Take the lines from the line containing "Casa de habitação e terreno Meca- Alenquer" through the end of the entries and output them exactly, with no pictures and nothing more.

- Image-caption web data
/---
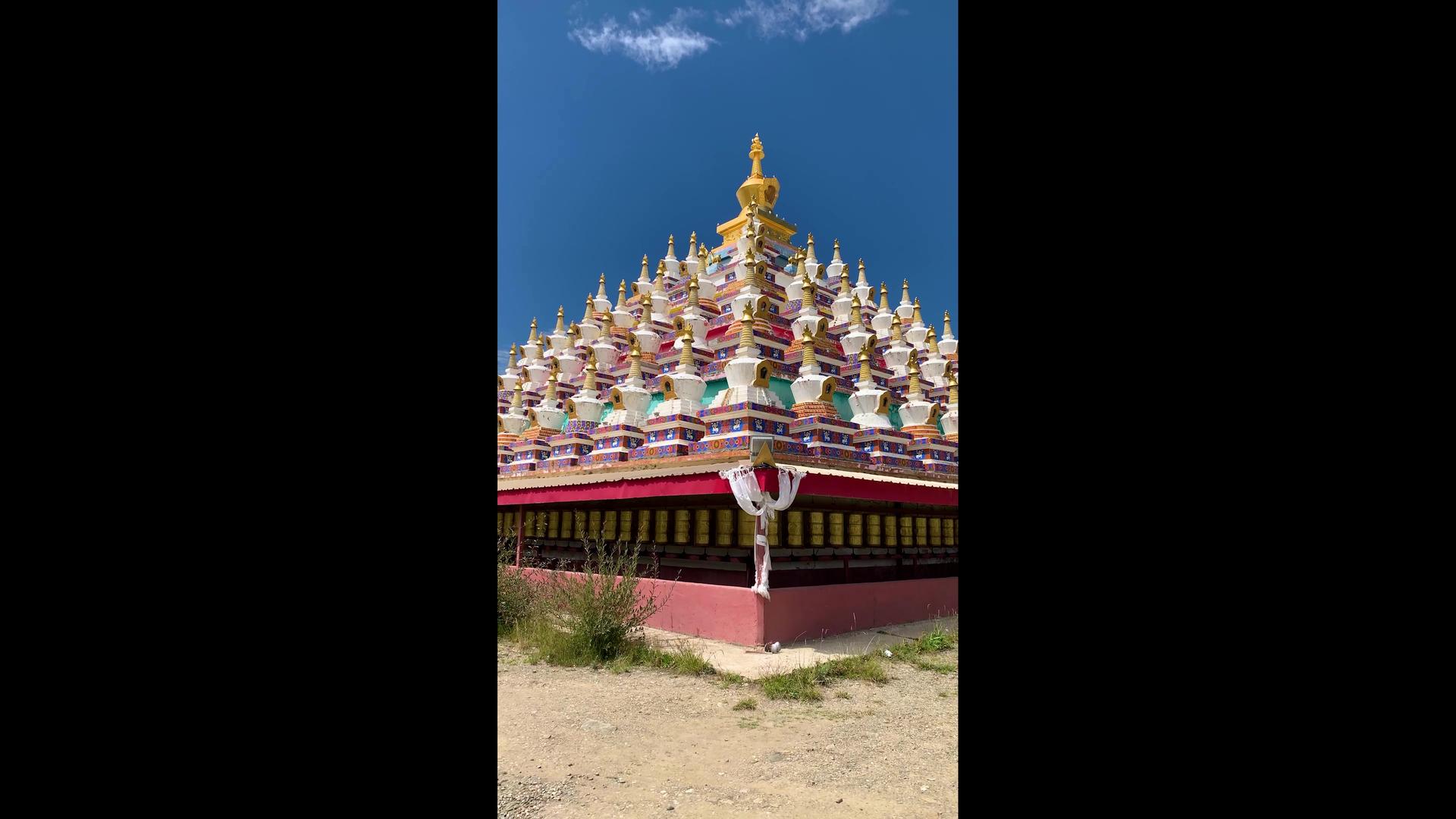 藏传佛教彩色佛塔竖版视频视频的预览图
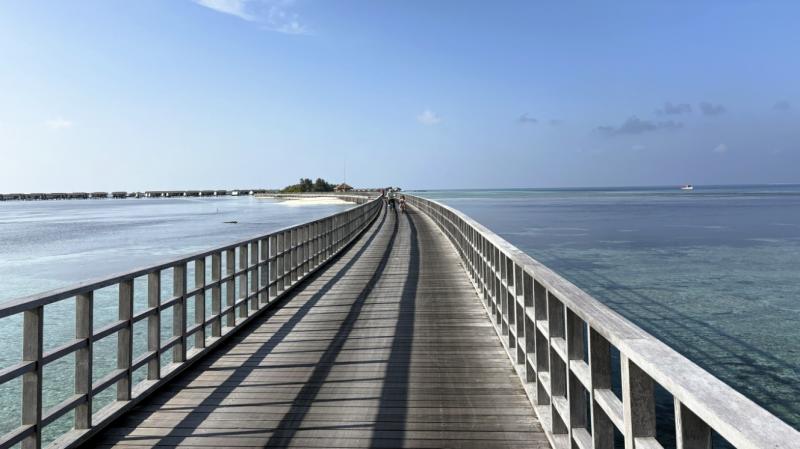 約１㎞の長い橋がとにかく圧巻！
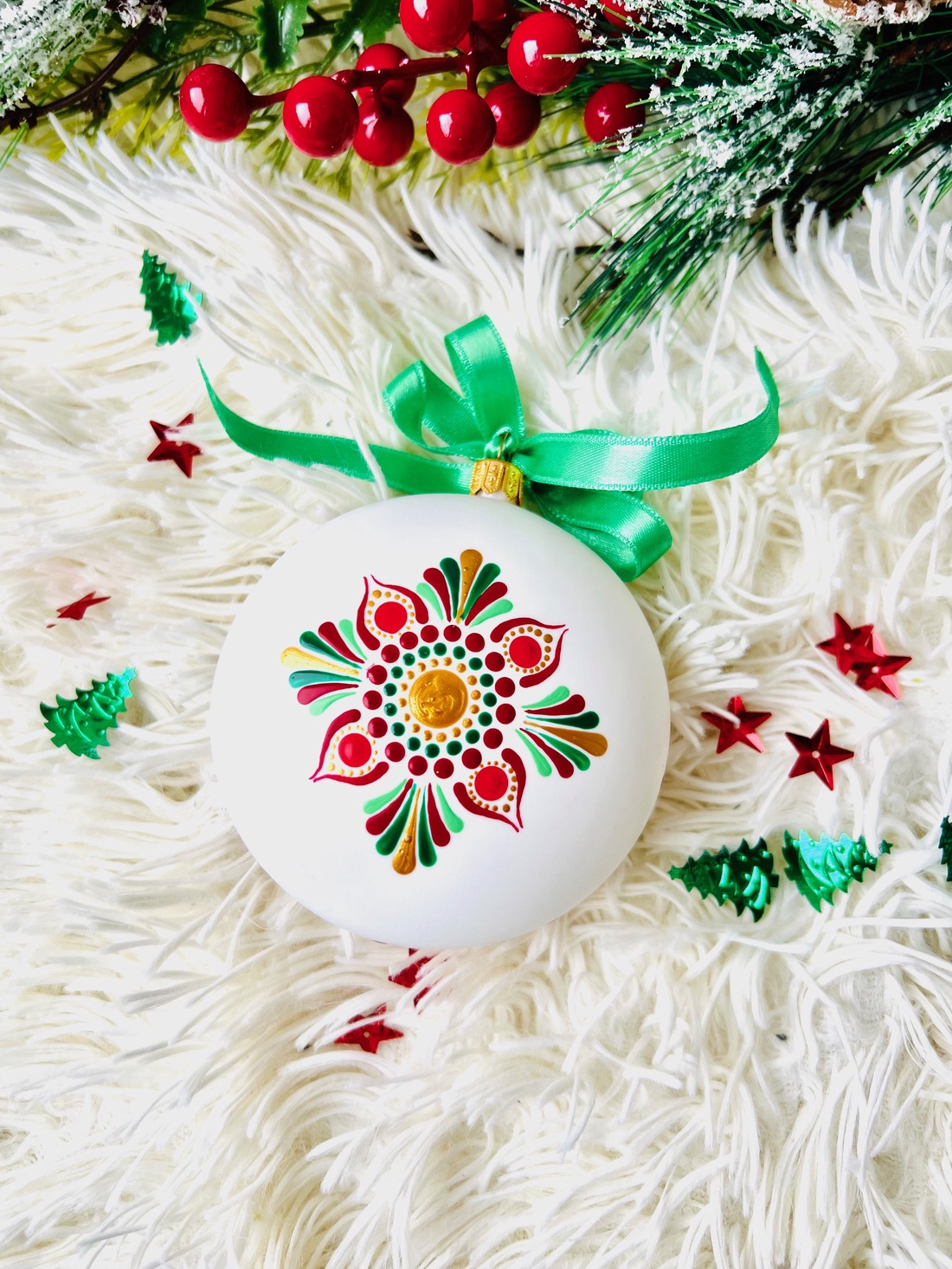 Glob pictat manual - Happy Winter - crăciun - decorațiuni de crăciun de casă - globuri de crăciun - Artynos.ro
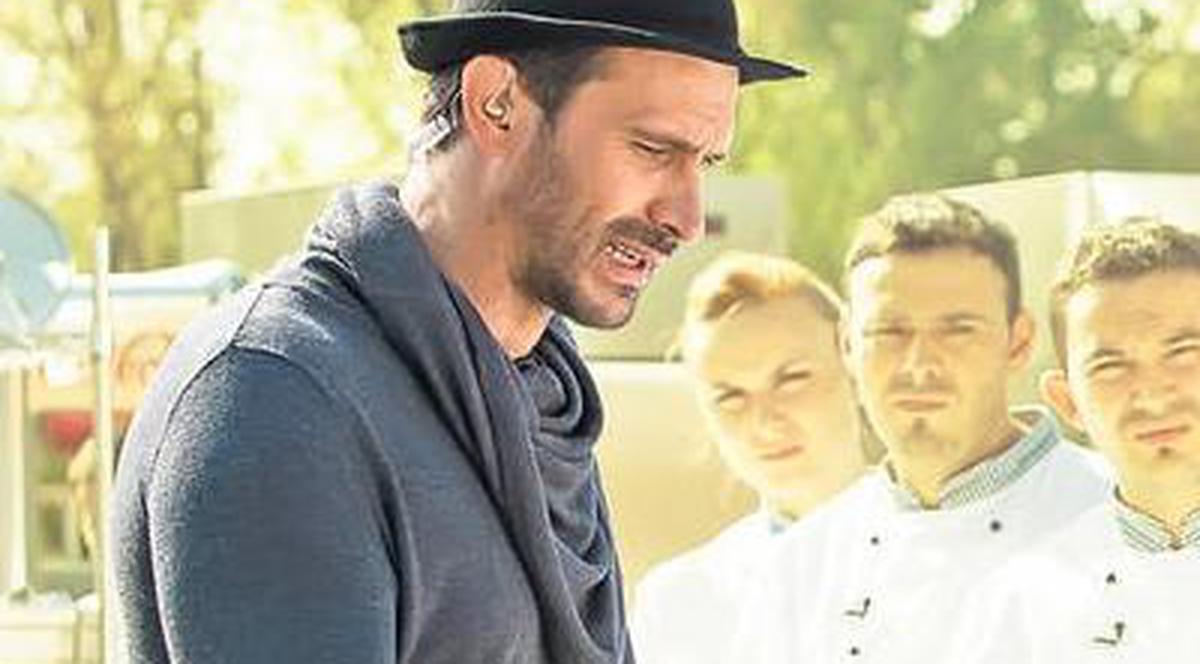 Nicolai Tand, juratul de la "Top Chef": "Am plâns trei ore până am reuşit să mulg vaca prima dată"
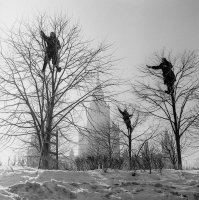 это фото Виктора Ахломова называется "На Ленинских горах" 1960 год. А фото " Грачи прилетели" снято в 1964 году Миколой Гнисюк. Прежде чем создавать посты проверяйте себя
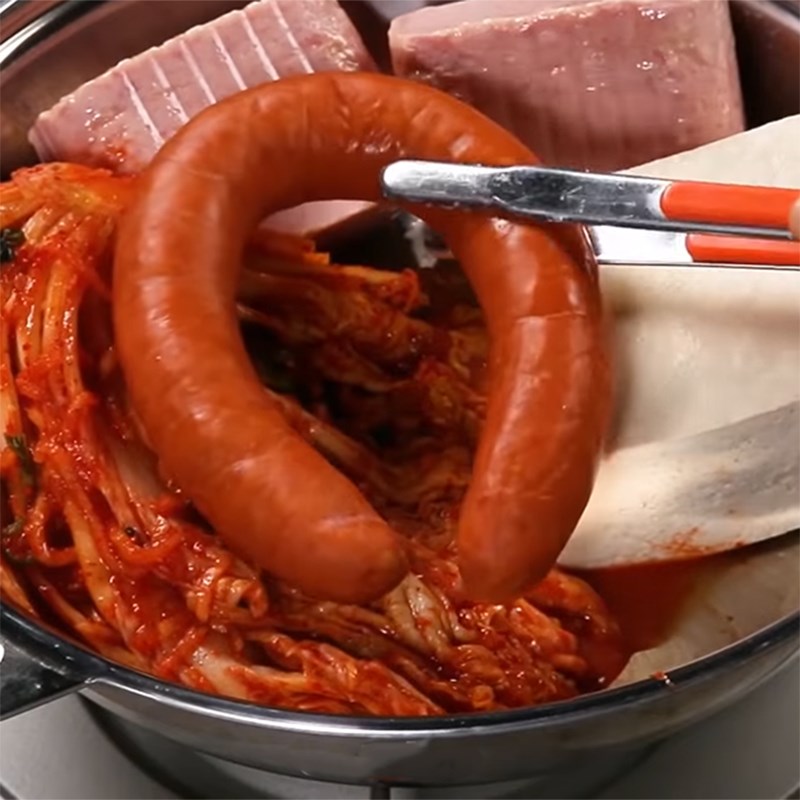 Step 2 Cooking kimchi sausage hot pot with ham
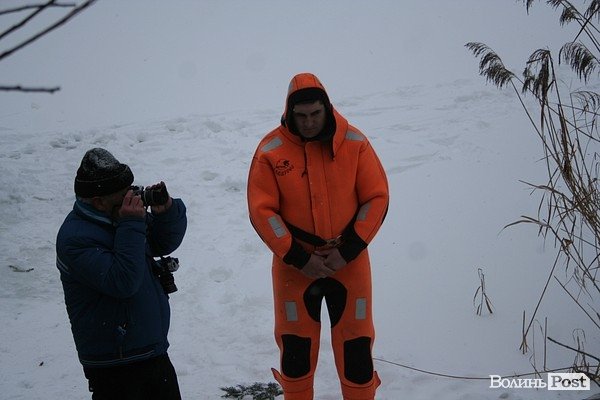 У Луцьку на  Водохреще близько  сотні людей купалися в крижаній воді. ФОТО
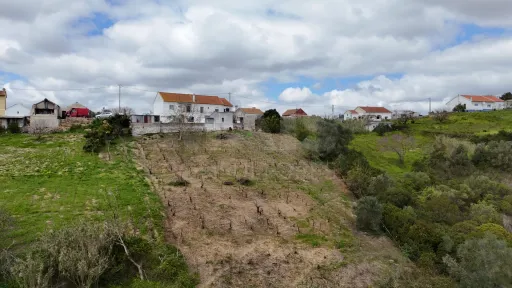 Casa de habitação e terreno Meca- Alenquer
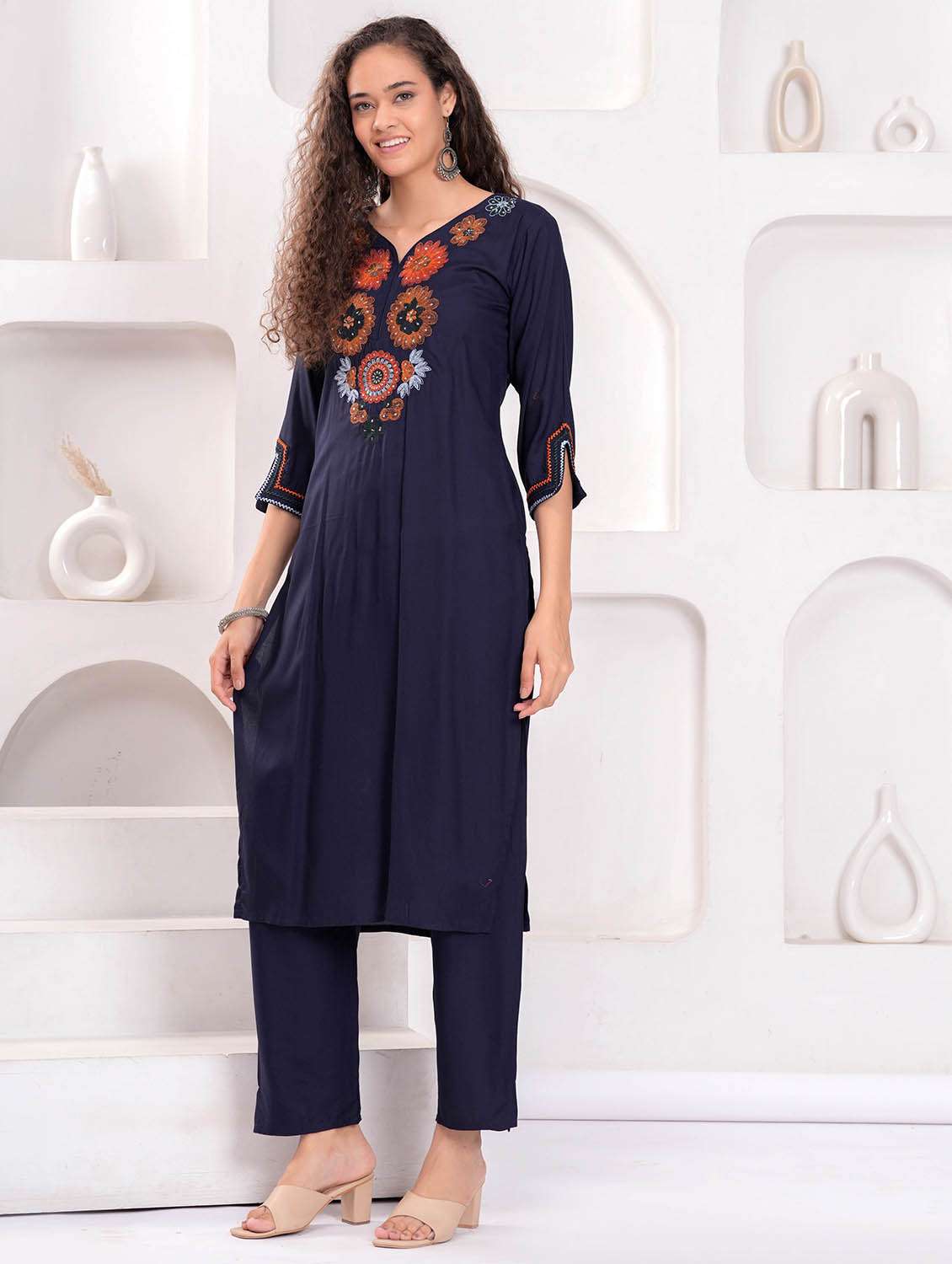 women embroidered kurta and pant set - 21995169 -  Standard Image - 3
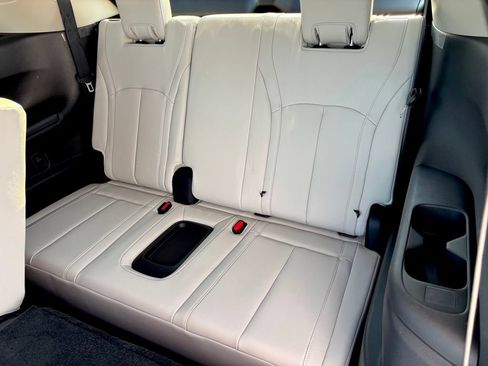 Certified 2026 INFINITI QX60 Luxe w/ Cargo Package FWD image 16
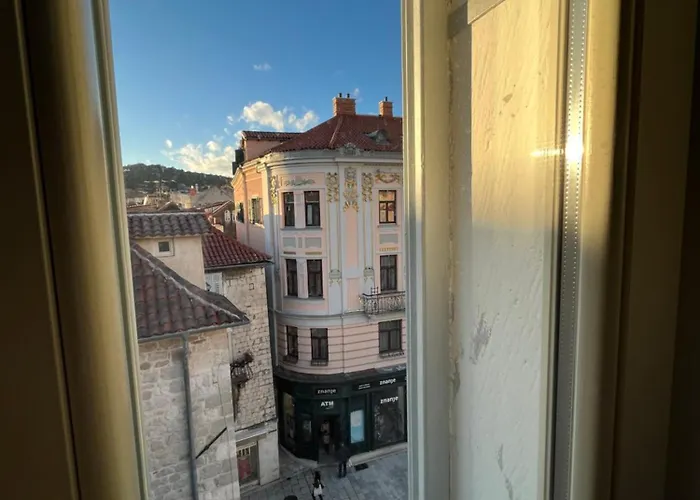 아파트 Uptown Palace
\---
- Output
 Casa de habitação e terreno Meca- Alenquer
 women embroidered kurta and pant set - 21995169 -  Standard Image - 3
 Certified 2026 INFINITI QX60 Luxe w/ Cargo Package FWD image 16
 아파트 Uptown Palace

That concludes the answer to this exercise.